**WHAT NEEDS TO BE DONE:**
Return every line of the data below exactly, but do not include the images.

[Scraped caption text data]
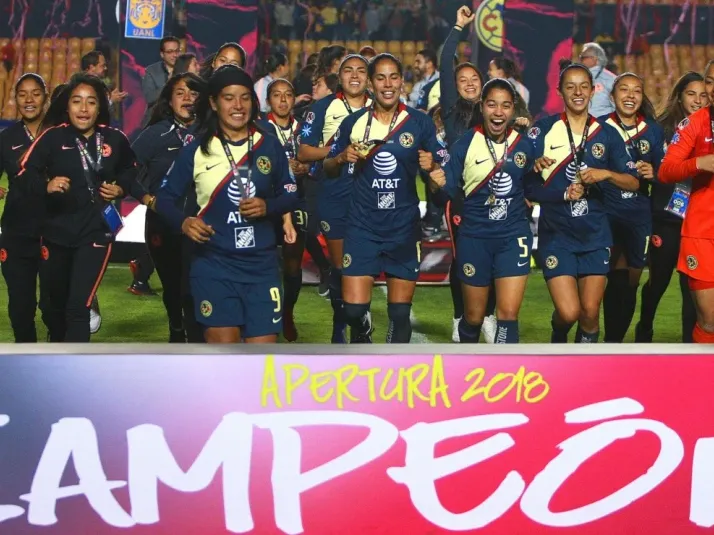 América festeja el mes de la mujer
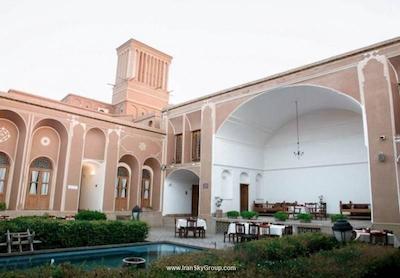 هتل لاله یزد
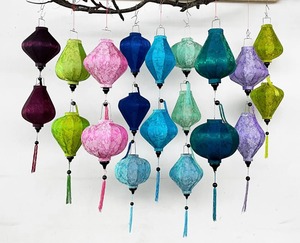 Faroles de Bambú Hechos a Mano, de Colores Variados, Forma de Diamante, Pintados a Mano, Ecológicos, 35 cm, Decoración para Bodas y Patios - Product Image 1
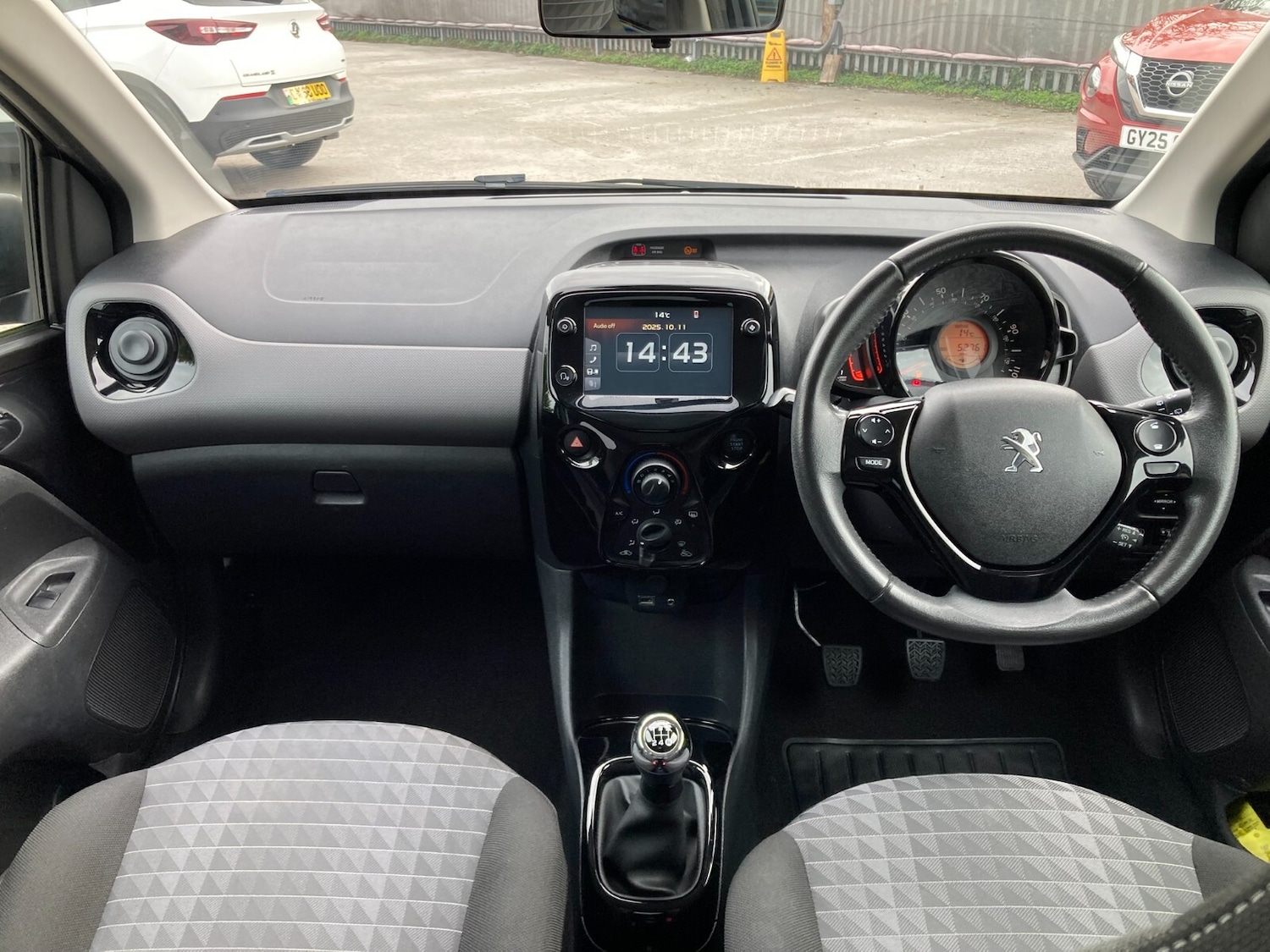 Used Peugeot 108 2021 for sale - 76276651: Photo 2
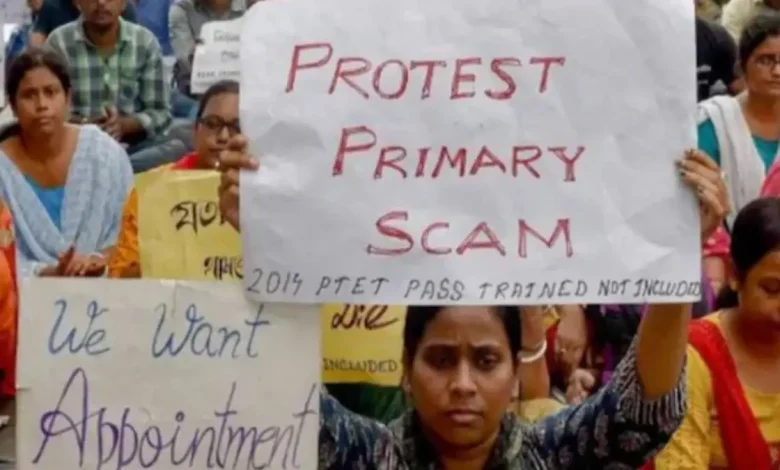 A division bench of the Calcutta High Court on Wednesday overturned a single-bench order that had terminated the appointments of 32,000 primary teachers in connection with the cash-for-jobs scam case.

**EXERCISE RESPONSE:**
 América festeja el mes de la mujer
 هتل لاله یزد
 Faroles de Bambú Hechos a Mano, de Colores Variados, Forma de Diamante, Pintados a Mano, Ecológicos, 35 cm, Decoración para Bodas y Patios - Product Image 1
 Used Peugeot 108 2021 for sale - 76276651: Photo 2
 A division bench of the Calcutta High Court on Wednesday overturned a single-bench order that had terminated the appointments of 32,000 primary teachers in connection with the cash-for-jobs scam case.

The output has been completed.